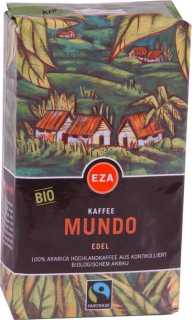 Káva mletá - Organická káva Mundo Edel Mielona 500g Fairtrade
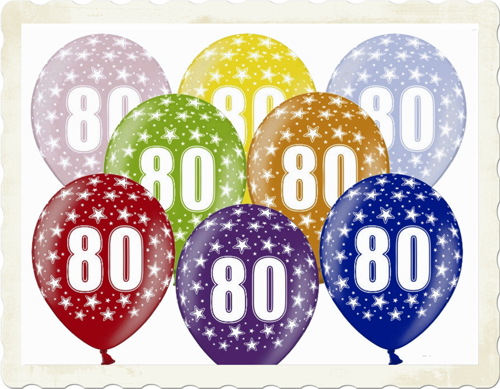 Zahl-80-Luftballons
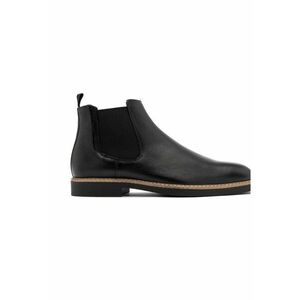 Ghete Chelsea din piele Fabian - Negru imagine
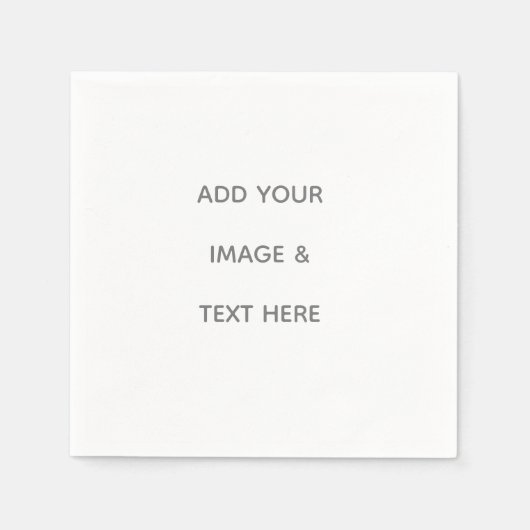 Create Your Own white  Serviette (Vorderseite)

...

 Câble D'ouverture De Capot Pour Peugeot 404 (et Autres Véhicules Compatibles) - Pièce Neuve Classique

--

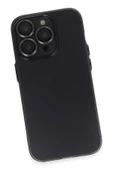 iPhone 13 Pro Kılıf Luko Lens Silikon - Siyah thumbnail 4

→ Task to complete: Output should consist of the lines above from the one with "Ghete Chelsea din" down to the one with "Create Your Own", exact and without pictures.

→ Your solution:
 Ghete Chelsea din piele Fabian - Negru imagine
 Create Your Own white  Serviette (Vorderseite)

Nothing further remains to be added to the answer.